There was mostly good US economic data once more. Productivity jumped sharply by 4.3%. ISM Services moved back above 50 at 50.6. Same store sales were lower but not recessionary. Jobless claims bounced to 444K but they are still trending sideways now.
That is solid overall and with the other data improving you would expect the market to be leading higher. Yet it is not as the summer rally, never really that strong, rolled over. Bond yields are low and heading lower (2.18% 2 year, 3.63% 10 year on Thursday, dropping 5 basis points) even as economic data strengthened. Something has kept them low and heading lower after bouncing higher when the Fed looked to get the credit issues under control with its lending facilities. That has gone by the wayside now. Was this drop what they were pricing in or is there something else out there that is influencing this drop?
Bill Gross was giving his insight on that issue Thursday. He indicated that a big financial bailout was needed now or there would be, as GOP VP nominee often (too often?) says, a world of hurt. In other words a bailout was needed or there would be risk of a serious failure in the financial system. He also said the markets were deleveraging and thus all commodities, stocks and real estate was heading lower. He even said he was walking away from US financial debt offerings, including that from Wells Fargo, considered one of the 'safe' banks in the US.
Hard to be happy about that and indeed it wasn't. It is worrisome Gross is so worried about even such supposedly solid institutions. Is this the fear the bond market is showing, i.e. the surprise failure of some major financial institutions? Could very well be. The past few months the Fed has been deciding just which and how many banks could or should fail if things get bad. Now it is not saying they are that bad, but instead contingency planning.
Oil is also adding to the gloom in a bittersweet way. Prices are down to 107.65/bbl; never thought of calling that low, but compared to 147, a 27% drop seems almost palatable. It all again smacks of more liquidation in oil and other commodities. That is a big part of this selling, but the worry is it is not the main reason, i.e. that hidden problem out there.
Lower oil helps consumers, but if it is falling because world economies are falling does that help? Exports will be less: if economies are slowing as our dollar strengthens, foreigners will buy less US exports. Of course, how many of us directly benefit from that? We get the benefits of more US investment thanks to that influx of money, and it has definitely helped keep the economy afloat. Thus there is an indirect benefit, but not many small businesses sell overseas. Improving US economics helps them more and thus the small caps have enjoyed leadership status in the summer rally.
What evidence is there supporting this worry? The problems in Europe and other countries. It is no secret European countries are heading into or are in recession. Thursday the ECB and BOE central banks acknowledged things were slowing, but kept the same old line that the focus was on prices. That is their mandate: keep prices contained. Admitting that things were slow can be amplified by a factor of 10 to get it closer to reality. That along with the slumping oil price really spooked investors. Of course oil would need to get toward 70 to make that believable, but the market was ready to read bad things into all news.

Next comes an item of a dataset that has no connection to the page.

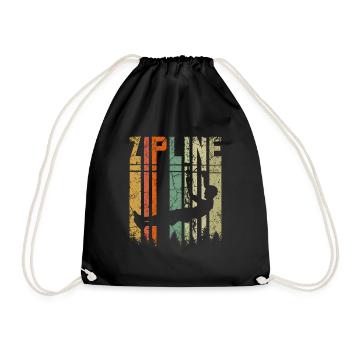 Tyrolienne vintage rétro - Sac de sport léger - noir - Devant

If they can hold on, that shows us that the worry is about the world economies versus the US, and indeed the US could emerge from recession even as the other countries enter one. That is what happened early this decade. It will take more than the small caps to rally, however, and that means this test lower to the July lows by NASDAQ and the NYSE large caps has to hold. More than that it has to rebound after holding. Still a long way to go to prove that the US economy is emerging from a slowdown.
THE MARKET
MARKET SENTIMENT
VIX: 24.03; +2.6
Volatility posted a big move on the session, making it 3 of 4 sessions to the upside. Unlike some post-market commentators indicated, however, this move in itself was nothing. It is still way too low, 7 points off the July peak that was well off the March and January peak (37.50 for the latter). Now the move up was a good start; it can be the springboard for a real surge up to 40 or more, the level it needs to hit to really make some hay for the possibility of a serious bottom.
VXN: 27.56; +1.82
VXO: 26.73; +3.58
Put/Call Ratio (CBOE): 1.08; +0.22
Back over 1.0 on the close after a couple of weeks moving below, but not far below, that level.
Bulls versus Bears:
For the second time this year bears are crossing above bulls, doing so basically where they did in March on their way to much more extreme readings just about the time the market made the March low and started the last rally. Positive for the market and if SP500 is going to hold the long term trendline is the place to do it.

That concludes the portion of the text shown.